▶ **WORK REQUEST**
Return the listing below exactly, with the pictures dropped.
** Opening PROVIDED RECORDS block **
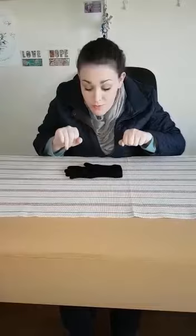The mitten's on the ground, the mitten's on the ground. Hi-ho, it's cold outside, the mitten's on the ground. The mole burrows in, the mole burrows in. Hi-ho, it's cold outside, the mole burrows in.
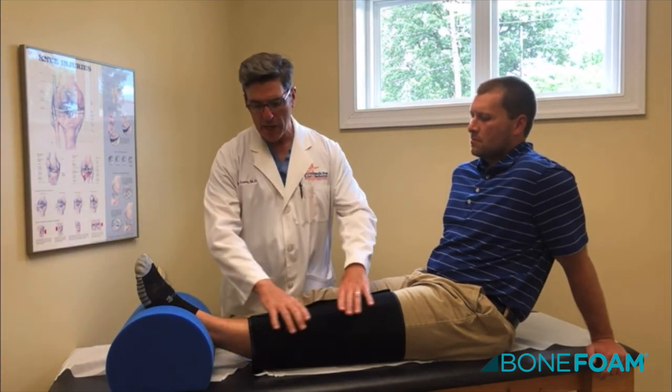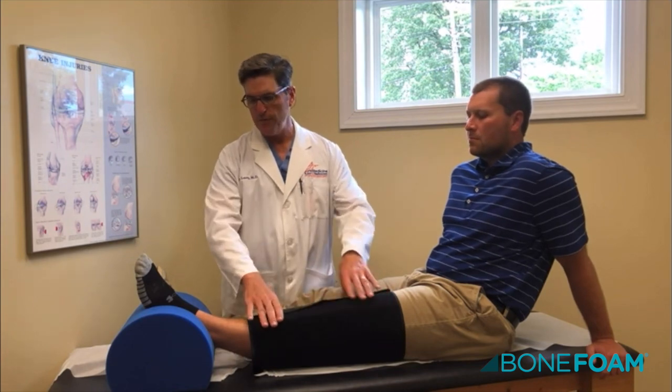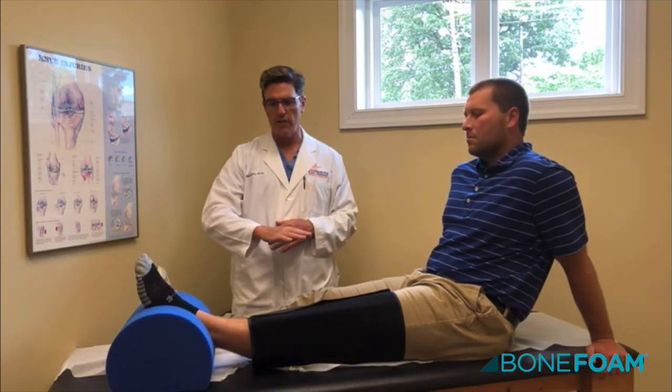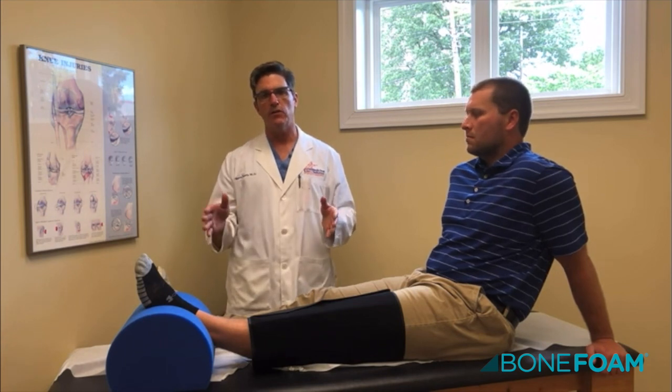You have the ice pack on your knee that was given to you in the hospital. Just get it out of the freezer, put it on, and put the foot in the Bone Thumb. Make sure there's a little bit of space under the knee so it drops down to zero degrees. The goal is one hour — 30 minutes minimum, 60 minutes maximum.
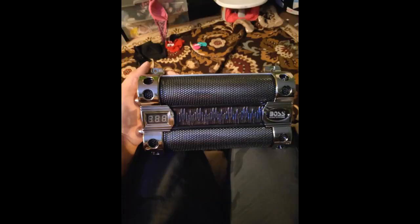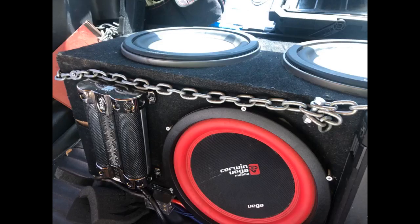Works great! I have the 18F and it's perfect for my system. Totally changed the sound — way more consistent bass out of my 3 twelve-inch subs.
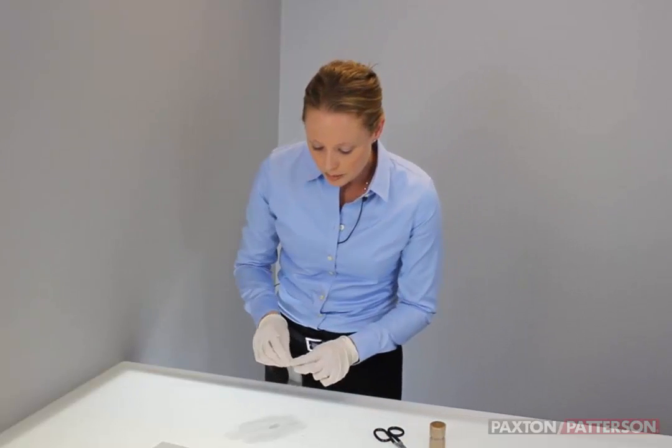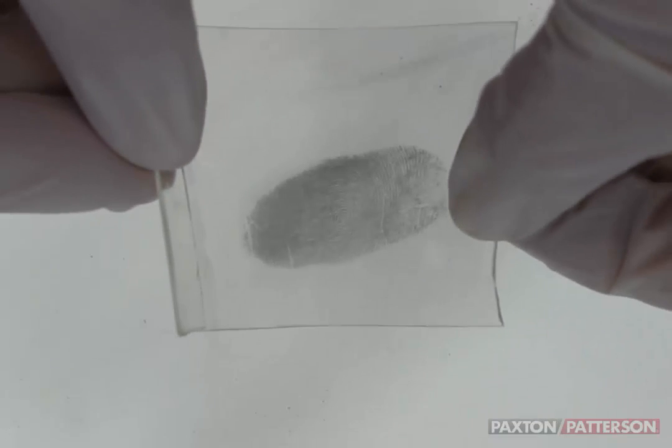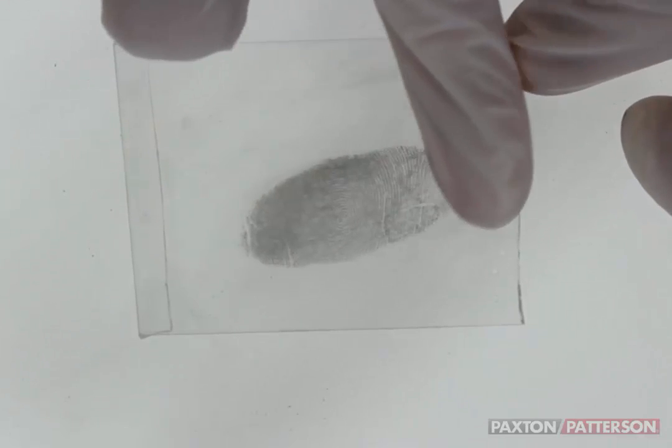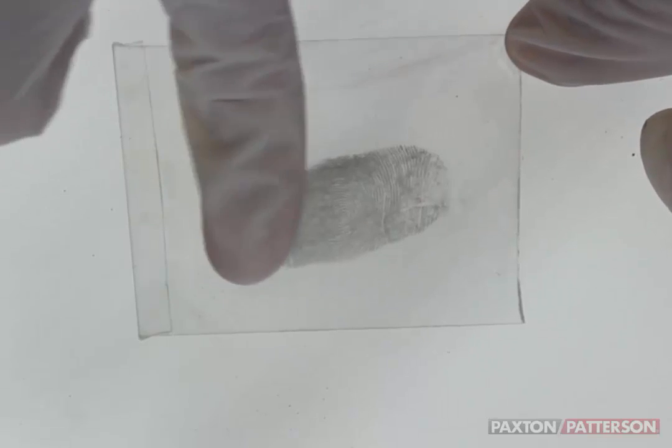You can see the print on the table. I'm just going to hold the end that I've folded over, sit it right down, and smooth the edges down. The tape can move sometimes, so I do like to hold the corner as I smooth the tape out.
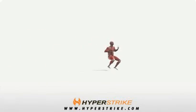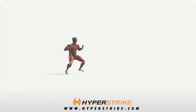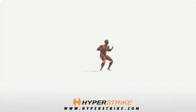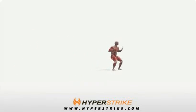Stand in an athletic stance by bending your hips and knees and keeping the chest up. Keep a low center of gravity throughout. Quickly shuffle sideways for about four steps and immediately return with the same amount of steps.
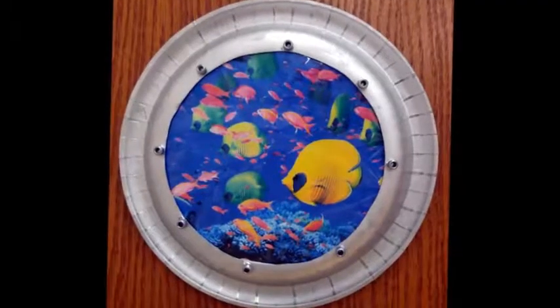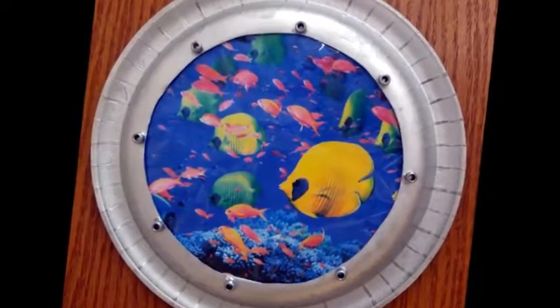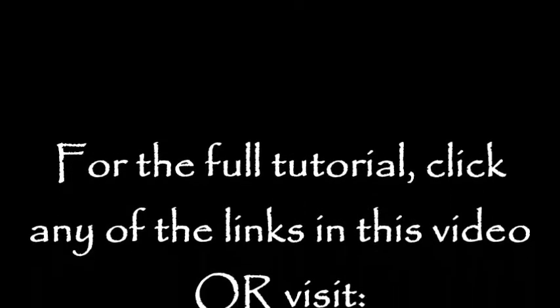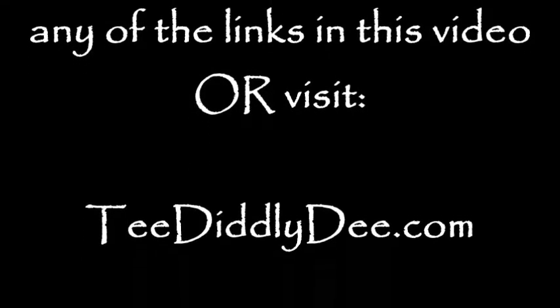If you like this project, be sure to click any of the links in this video that will take you straight to my tutorial on how to make it. And if the links aren't there, be sure to visit tdiddlyd.com and type 'paper plate porthole' in the search box.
** Closing PROVIDED RECORDS block **
▶ **COMPLETED TASK**
The mitten's on the ground, the mitten's on the ground. Hi-ho, it's cold outside, the mitten's on the ground. The mole burrows in, the mole burrows in. Hi-ho, it's cold outside, the mole burrows in.
You have the ice pack on your knee that was given to you in the hospital. Just get it out of the freezer, put it on, and put the foot in the Bone Thumb. Make sure there's a little bit of space under the knee so it drops down to zero degrees. The goal is one hour — 30 minutes minimum, 60 minutes maximum.
Works great! I have the 18F and it's perfect for my system. Totally changed the sound — way more consistent bass out of my 3 twelve-inch subs.
You can see the print on the table. I'm just going to hold the end that I've folded over, sit it right down, and smooth the edges down. The tape can move sometimes, so I do like to hold the corner as I smooth the tape out.
Stand in an athletic stance by bending your hips and knees and keeping the chest up. Keep a low center of gravity throughout. Quickly shuffle sideways for about four steps and immediately return with the same amount of steps.
If you like this project, be sure to click any of the links in this video that will take you straight to my tutorial on how to make it. And if the links aren't there, be sure to visit tdiddlyd.com and type 'paper plate porthole' in the search box.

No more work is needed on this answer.